BEGIN Listed records
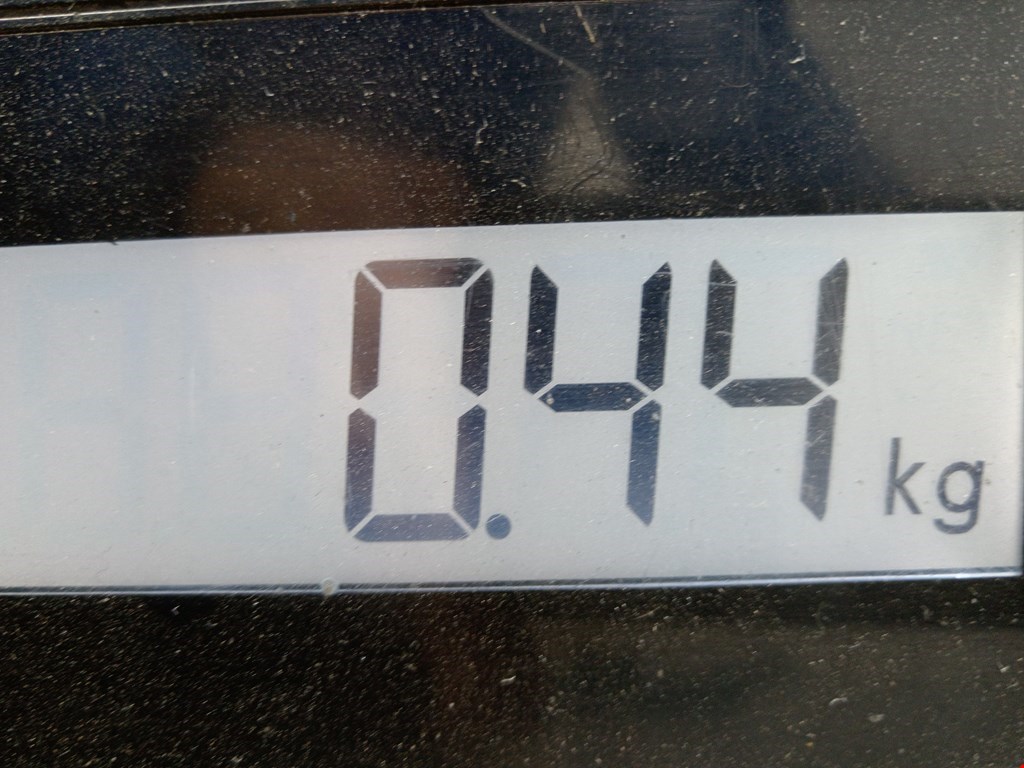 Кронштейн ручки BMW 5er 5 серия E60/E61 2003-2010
END Listed records
BEGIN Listed records
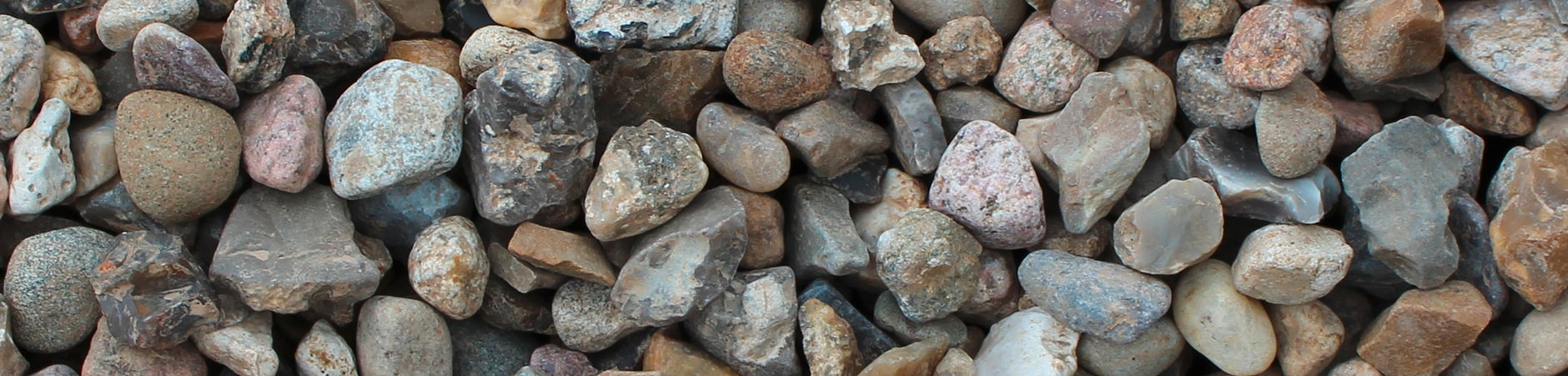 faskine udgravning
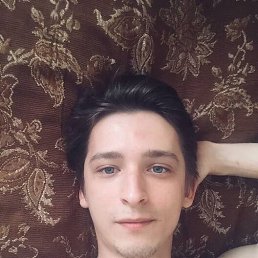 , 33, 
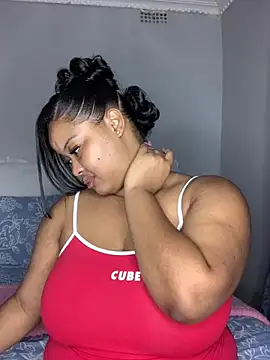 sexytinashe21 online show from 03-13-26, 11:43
END Listed records
_Description of the task_
Reproduce exactly the lines above that run from the one with "faskine udgravning" to the one with "sexytinashe21 online show", both included, leaving pictures out.

_Answer section_
 faskine udgravning
 , 33, 
 sexytinashe21 online show from 03-13-26, 11:43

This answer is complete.